[[ Dataset extract open ]]

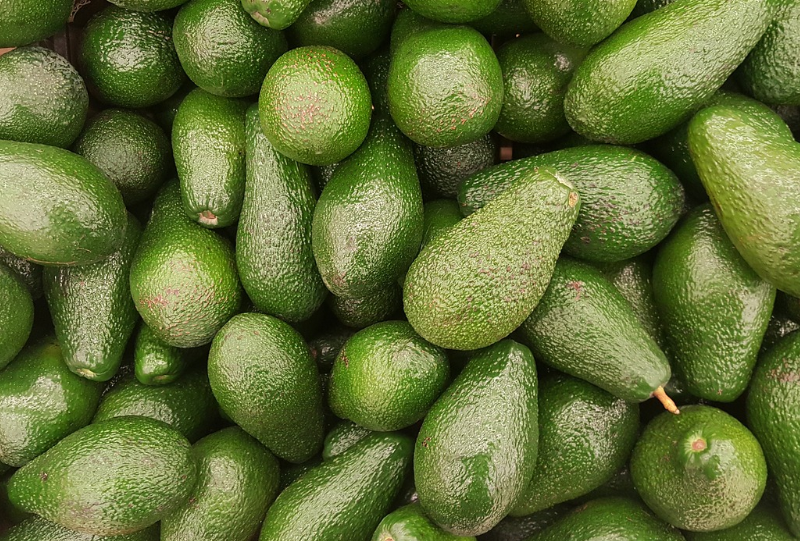 불포화지방산 음식 아보카도 효능 보관방법 아보카도 먹는법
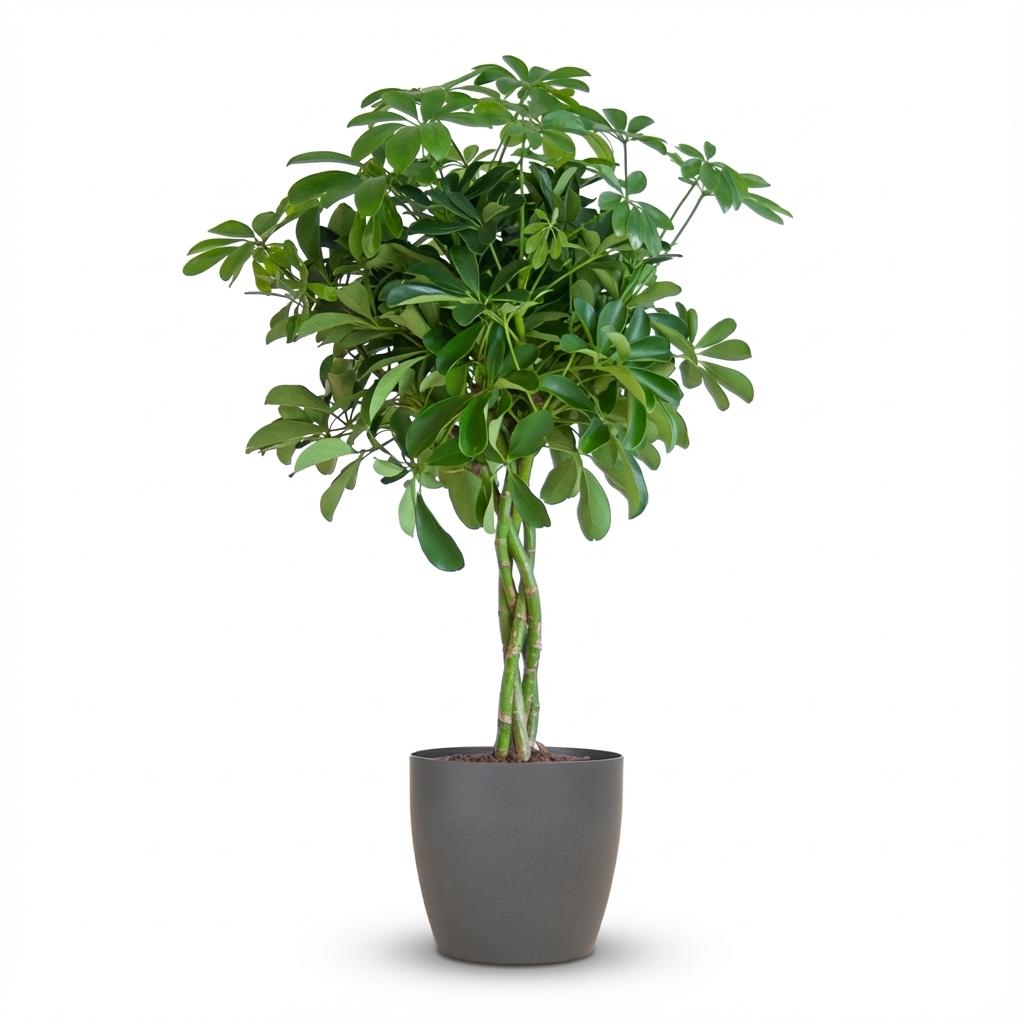 Schefflera Arab Nora with Potter grey - 70cm - Ø21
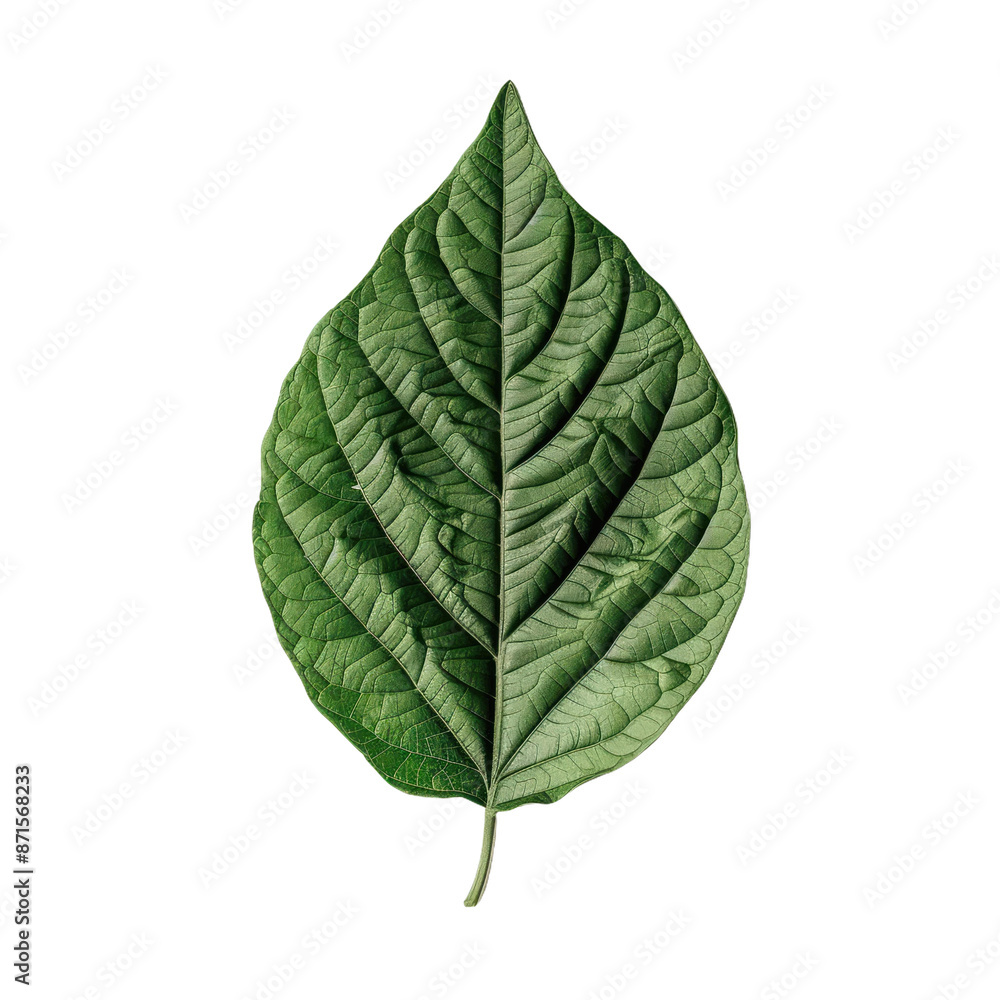 Obraz premium Detailed Macro Photograph of a Lush Green Leaf with Prominent Veins and Texture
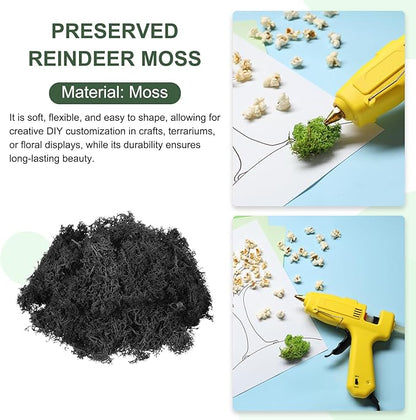 MECCANIXITY 3oz Preserved Reindeer Moss, Black Decorative Artificial Fake Moss for Potted Plants Indoor Crafts Lichen Centerpieces Decor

[[ Dataset extract closed ]]

With pictures left out, transcribe each line from the one containing "Obraz premium Detailed" through the end of the data, both ends included.

§ Answer for this exercise:
 Obraz premium Detailed Macro Photograph of a Lush Green Leaf with Prominent Veins and Texture
 MECCANIXITY 3oz Preserved Reindeer Moss, Black Decorative Artificial Fake Moss for Potted Plants Indoor Crafts Lichen Centerpieces Decor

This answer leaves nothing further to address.